편집: Sergey Ohanyan 2019년 2월 14일

I want to implement custom error function to backpropagation algorithm, and enforce to update weights with taking into account output layer outputs.

Network consists of one hidden layer. The inputs are (n,1) vector, outputs have the same dimensions.

Lets say we have given input and target, I want to calculate error function as

E = ((input*output-target)^2)/2

so at each iteration target updates to reach initial target.
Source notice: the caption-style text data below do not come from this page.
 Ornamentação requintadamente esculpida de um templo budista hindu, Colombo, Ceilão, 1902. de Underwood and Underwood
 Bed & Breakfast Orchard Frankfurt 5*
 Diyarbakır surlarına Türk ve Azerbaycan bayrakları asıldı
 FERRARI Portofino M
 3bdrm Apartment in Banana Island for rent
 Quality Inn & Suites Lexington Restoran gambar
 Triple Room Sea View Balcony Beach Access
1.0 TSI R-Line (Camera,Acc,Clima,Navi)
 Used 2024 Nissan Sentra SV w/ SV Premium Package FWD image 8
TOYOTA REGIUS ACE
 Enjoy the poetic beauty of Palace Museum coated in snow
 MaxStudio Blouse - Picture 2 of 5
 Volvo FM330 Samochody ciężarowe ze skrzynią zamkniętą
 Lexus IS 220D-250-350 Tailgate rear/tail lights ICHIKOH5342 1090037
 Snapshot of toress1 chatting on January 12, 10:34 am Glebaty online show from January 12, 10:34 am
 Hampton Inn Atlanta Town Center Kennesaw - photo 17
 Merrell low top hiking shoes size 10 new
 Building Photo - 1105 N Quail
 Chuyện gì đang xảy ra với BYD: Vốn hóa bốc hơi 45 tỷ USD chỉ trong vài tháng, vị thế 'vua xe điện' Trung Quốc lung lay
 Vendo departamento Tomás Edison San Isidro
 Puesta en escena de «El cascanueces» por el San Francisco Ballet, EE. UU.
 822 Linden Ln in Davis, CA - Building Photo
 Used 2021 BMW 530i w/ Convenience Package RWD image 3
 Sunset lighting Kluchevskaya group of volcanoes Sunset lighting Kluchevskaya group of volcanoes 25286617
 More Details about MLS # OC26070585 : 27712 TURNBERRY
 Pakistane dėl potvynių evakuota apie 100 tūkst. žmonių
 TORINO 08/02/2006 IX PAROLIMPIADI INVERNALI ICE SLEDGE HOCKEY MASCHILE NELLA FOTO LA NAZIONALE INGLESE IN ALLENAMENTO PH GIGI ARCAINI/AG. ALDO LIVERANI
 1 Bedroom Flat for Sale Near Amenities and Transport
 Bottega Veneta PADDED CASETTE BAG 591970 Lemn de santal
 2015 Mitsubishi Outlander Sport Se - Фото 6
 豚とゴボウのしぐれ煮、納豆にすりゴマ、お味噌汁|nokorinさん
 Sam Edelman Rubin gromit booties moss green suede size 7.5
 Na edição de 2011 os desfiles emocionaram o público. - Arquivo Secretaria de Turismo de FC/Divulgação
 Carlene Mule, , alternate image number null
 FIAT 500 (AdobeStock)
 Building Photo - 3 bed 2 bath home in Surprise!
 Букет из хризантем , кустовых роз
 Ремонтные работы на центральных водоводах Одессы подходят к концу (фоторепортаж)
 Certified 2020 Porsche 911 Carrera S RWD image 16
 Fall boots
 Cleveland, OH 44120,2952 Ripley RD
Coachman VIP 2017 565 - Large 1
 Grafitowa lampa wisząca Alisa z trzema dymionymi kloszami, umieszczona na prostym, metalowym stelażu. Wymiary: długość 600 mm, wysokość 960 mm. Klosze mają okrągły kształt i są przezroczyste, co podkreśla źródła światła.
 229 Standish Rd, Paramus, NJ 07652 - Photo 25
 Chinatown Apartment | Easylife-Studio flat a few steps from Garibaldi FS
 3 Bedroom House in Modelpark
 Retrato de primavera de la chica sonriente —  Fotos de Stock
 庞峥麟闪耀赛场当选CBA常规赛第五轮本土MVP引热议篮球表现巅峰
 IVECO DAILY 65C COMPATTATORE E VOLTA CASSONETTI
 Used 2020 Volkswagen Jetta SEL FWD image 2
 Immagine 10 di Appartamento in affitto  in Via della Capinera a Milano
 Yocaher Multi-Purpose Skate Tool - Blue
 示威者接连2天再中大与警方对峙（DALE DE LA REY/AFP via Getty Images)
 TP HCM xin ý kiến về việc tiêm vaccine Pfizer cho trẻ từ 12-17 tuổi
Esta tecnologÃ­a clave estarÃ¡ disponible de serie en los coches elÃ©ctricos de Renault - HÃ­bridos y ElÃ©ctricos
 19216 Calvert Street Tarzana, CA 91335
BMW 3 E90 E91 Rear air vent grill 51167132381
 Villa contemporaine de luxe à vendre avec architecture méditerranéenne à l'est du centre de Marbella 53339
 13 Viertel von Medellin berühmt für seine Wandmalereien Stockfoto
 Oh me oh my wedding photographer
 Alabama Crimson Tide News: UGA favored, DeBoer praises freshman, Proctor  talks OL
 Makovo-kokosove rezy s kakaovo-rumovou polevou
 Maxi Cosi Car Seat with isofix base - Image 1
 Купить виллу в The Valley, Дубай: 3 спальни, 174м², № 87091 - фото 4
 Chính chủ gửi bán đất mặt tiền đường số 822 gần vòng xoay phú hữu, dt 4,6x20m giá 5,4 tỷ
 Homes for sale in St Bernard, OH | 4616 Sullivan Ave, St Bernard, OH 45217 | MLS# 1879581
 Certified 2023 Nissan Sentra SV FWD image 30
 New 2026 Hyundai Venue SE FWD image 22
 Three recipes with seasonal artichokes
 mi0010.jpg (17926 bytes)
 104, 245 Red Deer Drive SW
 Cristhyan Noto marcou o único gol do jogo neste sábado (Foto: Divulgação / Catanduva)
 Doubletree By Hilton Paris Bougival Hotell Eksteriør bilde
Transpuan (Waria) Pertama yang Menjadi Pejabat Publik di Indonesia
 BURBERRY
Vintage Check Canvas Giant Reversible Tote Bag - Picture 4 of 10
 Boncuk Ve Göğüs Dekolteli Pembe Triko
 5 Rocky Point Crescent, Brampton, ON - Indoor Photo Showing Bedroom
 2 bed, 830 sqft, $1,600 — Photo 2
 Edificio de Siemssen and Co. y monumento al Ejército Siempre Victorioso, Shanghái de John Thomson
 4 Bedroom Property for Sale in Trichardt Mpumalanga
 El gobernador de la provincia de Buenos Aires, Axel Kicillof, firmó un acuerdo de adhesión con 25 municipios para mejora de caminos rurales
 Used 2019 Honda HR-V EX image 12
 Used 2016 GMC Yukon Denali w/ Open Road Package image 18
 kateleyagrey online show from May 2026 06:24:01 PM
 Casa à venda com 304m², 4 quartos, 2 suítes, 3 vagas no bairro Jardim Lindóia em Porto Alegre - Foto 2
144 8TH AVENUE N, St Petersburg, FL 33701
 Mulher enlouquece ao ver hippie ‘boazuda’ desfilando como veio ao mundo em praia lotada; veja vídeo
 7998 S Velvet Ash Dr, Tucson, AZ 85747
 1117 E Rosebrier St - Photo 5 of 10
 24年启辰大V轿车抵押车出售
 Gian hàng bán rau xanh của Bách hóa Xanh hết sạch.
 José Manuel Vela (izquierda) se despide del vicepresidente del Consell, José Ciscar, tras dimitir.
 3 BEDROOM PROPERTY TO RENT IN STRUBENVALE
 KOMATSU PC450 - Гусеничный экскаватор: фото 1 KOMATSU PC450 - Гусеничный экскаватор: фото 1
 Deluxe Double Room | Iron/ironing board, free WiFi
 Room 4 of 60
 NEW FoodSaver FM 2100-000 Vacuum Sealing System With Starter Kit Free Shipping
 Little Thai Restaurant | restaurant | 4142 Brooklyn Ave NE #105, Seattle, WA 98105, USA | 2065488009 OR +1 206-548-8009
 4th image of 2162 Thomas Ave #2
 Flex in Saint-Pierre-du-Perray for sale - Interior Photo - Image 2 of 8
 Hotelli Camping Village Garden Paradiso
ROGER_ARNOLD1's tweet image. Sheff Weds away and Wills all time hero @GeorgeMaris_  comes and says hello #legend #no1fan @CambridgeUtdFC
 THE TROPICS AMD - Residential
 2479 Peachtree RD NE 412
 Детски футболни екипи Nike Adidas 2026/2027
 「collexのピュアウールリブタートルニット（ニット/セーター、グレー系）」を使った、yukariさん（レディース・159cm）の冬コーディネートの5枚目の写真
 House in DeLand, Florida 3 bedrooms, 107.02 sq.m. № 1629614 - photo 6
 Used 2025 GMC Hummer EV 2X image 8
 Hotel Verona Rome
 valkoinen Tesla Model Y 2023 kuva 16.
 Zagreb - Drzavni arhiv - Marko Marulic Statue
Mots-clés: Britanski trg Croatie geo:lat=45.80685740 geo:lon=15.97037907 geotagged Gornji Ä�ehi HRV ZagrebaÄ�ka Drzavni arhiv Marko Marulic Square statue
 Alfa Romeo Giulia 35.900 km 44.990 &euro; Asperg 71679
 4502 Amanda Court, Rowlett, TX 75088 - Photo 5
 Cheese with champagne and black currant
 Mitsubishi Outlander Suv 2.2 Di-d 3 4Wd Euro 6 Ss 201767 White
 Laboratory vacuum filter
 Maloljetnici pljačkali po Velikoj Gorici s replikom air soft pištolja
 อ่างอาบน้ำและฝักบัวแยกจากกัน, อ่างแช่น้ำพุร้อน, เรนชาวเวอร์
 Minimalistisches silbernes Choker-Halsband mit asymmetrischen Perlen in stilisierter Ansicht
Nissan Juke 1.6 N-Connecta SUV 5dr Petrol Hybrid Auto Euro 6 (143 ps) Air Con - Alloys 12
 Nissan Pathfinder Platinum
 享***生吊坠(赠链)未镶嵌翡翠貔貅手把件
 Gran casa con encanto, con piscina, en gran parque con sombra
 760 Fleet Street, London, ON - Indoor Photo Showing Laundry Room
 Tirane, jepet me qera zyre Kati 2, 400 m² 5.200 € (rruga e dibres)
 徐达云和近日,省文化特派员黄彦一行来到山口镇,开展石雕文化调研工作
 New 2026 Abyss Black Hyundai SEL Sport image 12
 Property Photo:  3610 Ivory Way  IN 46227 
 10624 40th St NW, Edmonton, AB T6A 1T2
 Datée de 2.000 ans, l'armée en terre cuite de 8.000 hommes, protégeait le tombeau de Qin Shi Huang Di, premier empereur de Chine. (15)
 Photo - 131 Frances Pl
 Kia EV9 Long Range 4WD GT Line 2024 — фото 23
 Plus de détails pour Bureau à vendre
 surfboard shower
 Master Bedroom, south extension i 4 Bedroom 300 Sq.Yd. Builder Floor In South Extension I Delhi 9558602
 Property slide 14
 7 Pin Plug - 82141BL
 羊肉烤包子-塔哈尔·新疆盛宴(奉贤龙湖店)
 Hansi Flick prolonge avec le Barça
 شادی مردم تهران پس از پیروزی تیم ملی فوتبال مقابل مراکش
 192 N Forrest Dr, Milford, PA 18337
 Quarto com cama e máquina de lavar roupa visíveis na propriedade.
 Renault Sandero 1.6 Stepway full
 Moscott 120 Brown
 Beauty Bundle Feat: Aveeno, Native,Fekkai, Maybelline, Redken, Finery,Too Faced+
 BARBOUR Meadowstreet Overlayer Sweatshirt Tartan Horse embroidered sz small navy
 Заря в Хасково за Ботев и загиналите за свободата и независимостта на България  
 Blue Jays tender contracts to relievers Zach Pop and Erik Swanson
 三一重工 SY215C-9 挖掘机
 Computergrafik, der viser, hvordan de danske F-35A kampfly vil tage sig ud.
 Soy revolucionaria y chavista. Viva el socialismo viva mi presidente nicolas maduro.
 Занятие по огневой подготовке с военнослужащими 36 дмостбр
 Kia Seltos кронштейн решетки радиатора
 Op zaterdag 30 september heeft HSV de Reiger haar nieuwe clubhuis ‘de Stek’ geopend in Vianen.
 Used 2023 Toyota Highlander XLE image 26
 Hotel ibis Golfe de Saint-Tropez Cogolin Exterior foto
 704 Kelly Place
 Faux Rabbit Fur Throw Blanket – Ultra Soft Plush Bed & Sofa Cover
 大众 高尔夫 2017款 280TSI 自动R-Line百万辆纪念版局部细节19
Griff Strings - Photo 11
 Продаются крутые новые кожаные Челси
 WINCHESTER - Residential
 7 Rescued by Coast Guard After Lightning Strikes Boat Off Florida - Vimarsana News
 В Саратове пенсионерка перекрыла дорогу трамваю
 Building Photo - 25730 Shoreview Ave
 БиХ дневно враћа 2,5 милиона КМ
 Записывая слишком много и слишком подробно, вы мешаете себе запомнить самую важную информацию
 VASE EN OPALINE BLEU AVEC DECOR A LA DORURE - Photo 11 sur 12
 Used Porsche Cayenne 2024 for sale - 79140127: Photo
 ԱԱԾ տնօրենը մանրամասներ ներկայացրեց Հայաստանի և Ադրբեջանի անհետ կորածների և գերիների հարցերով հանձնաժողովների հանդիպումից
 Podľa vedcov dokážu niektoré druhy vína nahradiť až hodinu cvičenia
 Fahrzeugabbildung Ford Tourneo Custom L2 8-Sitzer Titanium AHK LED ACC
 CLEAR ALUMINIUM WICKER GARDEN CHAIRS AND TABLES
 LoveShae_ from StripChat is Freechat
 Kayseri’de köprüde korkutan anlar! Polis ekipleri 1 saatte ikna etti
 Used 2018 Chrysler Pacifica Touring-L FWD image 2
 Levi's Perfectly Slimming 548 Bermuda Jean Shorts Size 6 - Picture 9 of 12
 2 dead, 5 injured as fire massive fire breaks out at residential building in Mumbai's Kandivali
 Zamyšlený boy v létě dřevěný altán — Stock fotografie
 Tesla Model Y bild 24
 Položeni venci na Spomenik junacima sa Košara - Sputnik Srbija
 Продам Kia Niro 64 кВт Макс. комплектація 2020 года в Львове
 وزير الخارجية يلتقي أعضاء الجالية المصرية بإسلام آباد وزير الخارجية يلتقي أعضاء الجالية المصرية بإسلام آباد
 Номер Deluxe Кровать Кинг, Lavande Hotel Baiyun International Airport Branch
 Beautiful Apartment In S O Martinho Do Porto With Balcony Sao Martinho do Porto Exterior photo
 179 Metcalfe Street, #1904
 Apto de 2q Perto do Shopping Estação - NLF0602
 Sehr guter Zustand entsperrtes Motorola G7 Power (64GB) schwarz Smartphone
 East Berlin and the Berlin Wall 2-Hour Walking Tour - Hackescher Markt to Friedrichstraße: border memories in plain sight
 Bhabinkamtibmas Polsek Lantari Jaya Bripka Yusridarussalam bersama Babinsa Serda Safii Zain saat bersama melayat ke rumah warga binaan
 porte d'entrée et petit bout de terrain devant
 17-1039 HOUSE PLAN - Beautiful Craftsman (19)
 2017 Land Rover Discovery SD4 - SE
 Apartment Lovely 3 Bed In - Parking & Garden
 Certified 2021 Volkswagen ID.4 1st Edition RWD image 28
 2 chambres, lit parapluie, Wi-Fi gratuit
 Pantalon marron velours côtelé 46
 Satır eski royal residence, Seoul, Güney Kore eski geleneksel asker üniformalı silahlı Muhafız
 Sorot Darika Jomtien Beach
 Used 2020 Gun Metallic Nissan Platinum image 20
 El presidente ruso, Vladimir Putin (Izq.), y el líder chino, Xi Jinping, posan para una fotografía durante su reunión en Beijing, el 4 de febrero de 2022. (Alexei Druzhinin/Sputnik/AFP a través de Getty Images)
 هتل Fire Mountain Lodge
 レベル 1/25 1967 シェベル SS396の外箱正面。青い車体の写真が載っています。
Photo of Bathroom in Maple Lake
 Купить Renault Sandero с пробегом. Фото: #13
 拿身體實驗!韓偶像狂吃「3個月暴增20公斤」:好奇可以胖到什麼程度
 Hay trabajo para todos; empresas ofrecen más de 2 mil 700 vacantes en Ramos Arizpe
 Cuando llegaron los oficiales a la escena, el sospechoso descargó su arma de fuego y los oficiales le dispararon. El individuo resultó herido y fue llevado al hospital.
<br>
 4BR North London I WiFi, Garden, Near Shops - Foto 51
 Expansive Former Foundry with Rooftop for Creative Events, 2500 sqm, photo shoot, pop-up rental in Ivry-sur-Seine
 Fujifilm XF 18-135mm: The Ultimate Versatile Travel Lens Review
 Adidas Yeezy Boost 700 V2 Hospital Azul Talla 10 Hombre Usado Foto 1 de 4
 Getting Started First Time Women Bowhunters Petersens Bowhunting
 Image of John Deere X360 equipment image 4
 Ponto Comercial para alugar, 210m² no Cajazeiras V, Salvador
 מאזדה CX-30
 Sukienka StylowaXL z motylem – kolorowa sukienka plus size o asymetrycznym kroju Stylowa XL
updatedTarget = input*output

According to this, derivatives are modified to

dE_dOutput(j) = sum(input .* netOutputLayerOutputs - initialTarget(j)) * input(j);

the code part of backpropagation algorithm is provided below

 
for i = 1:100      
    for j = 1 : length(input)        
        % forward propagation
        netHiddenLayerValues(j) = sum(netHiddenLayerWeights(:,j) .* input(j))  + netBiasValue1 * 1;
        netHiddenLayerOutputs(j) = 1/(1 + exp(-netHiddenLayerValues(j)));
        netOutputLayerValues(j) = sum(netOutputLayerWeights(:,j) * netHiddenLayerOutputs(j)) + netBiasValue2 * 1;
        netOutputLayerOutputs(j) = 1/(1 + exp(-netOutputLayerValues(j)));    
        % Custom target function
        target(j) = input(j) * netOutputLayerOutputs(j);    
        % back propagation for output layer        
        % customized error derivative with respect to output layer outputs
        dE_dOutput(j) = sum(input .* netOutputLayerOutputs - initialTarget(j)) * input(j);
        
        %dE_dOutput(j) = -(target(j) - netOutputLayerOutputs(j));  % this is for standart mse
        % partial derivative of logistic function with respect to network output value
        dOutput_dNetout(j) = netOutputLayerOutputs(j) * (1 - netOutputLayerOutputs(j));    
        % partial derivative of network output with respect to weight
        dNetout_dw(j) = netHiddenLayerOutputs(j);    
        % calculate total error for output layer     
        d_EtotalOut(j) = dE_dOutput(j) * dOutput_dNetout(j) * netHiddenLayerOutputs(j);
        
        % calculate back propagation error for hidden layer
        d_EtotalHidden_dOut(j) = dE_dOutput(j) * dOutput_dNetout(j) * netOutputLayerWeights(j);
        dOut_dNetHidden(j) = netHiddenLayerOutputs(j) * (1 - netHiddenLayerOutputs(j));
        dNetHidden_dw(j) = input(j);        
        d_EtotalHiddenOut(j) = d_EtotalHidden_dOut(j) * dOut_dNetHidden(j) * dNetHidden_dw(j);    
    
        % update weights for hidden layer
        netHiddenLayerWeights(:,j) = netHiddenLayerWeights(:,j) - eta * d_EtotalHiddenOut(j);
    
        % update weights for output layer 
        netOutputLayerWeights(:,j) = netOutputLayerWeights(:,j) - eta * d_EtotalOut(j);
    end
end

The figures above shows how are changes during iterations (5,10,20,50,100 iterations respectively), outputs of net(orange) and updated target (blue). The static curves are inputs (yellow) and initial or real target (magenta).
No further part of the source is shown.